Lifehouse began on-demand streaming in May of 2015. ‘We did a few test runs before this, just for families in our church that were military that wanted to stay connected, but this is when we started really streaming and archiving our videos onto Vimeo,’ says Lifehouse tech director, Alex Well. ‘It took us a while to finally bite the bullet and put funds towards this project.’ Following its experiences with the Vimeo video file-sharing service, Lifehouse started experimenting with live streaming. ‘It started with a home video camera and a free interface that ran on the computer and a free Livestream account,’ recalls Mr Well. ‘Once we started getting feedback from families who couldn’t make it into church and some of our council members who travelled and watched the stream, they saw the importance in it. As well, we had churches we partnered with in Colombia for missions trips that followed us online and they saw how the distance didn’t stop us from being one large church family.’ With the importance and impact of live streaming proven, funds were targeted towards improving the audio and video experience for the remote viewers.
‘We stream our Sunday morning services as well as our Wednesday night youth group for students who have too much homework to make it in but want to stay connected,’ says Mr Well. ‘Our viewers for our stream are people who can’t make it into church due to weather, disability, deployment, have moved, and our churches we work with in Colombia.’ The average number of devices connected is from 15 to 30. ‘Some of these devices do have families behind them,’ says Mr Well, ‘so there very well could be closer to double and triple the number our view count records.’

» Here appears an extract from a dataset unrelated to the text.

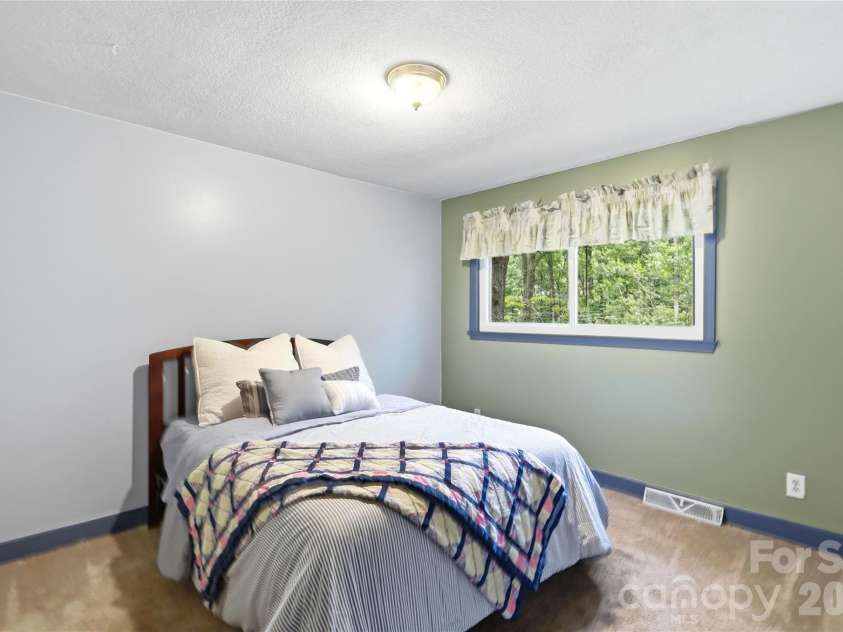 4819 Carousel Drive, Charlotte, NC 28212.  MLS# CAR4419426, YatesRealty ID 47628. Bedroom 3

After its use of Livestream for real-time video sharing, Lifehouse moved to the house of worship ‘digital discipleship’ solution from Mediafusion, a company specializing in online streaming and deployed worldwide by small congregations and by churches as large as the multi-campus Hillsong in Australia which uses Mediafusion services to stream internationally. Mr Well credits Mediafusion with a doubling of streaming quality and the addition of new capabilities. When loss of audio and video quality and connectivity issues arose with the encoder that Lifehouse was using to interface with the internet, the San Antonio-based Mediafusion loaned Lifehouse a Matrox Monarch HDX encoder, which offers 3G-SDI and HDMI inputs with frame-synchronization and two independent H.264 encoders that can be assigned to individual tasks like dual broadcasts or streaming at one bit-rate while recording at higher resolutions via an onboard SD card slot or using USB-connected or networked storage. MediaFusion, says Mr Well, was ‘even great enough to come help me set it all up and test out the quality and help monitor our first two weekends to make sure we were getting the best quality we could.’ The Monarch HDX, Mr Well adds, provided ‘much better quality in our stream due to the options allowed in broadcasting. We also could now save a hard-copy right from the encoder instead of downloading it later on, which, depending on our internet and steam at the time, could look terrible.’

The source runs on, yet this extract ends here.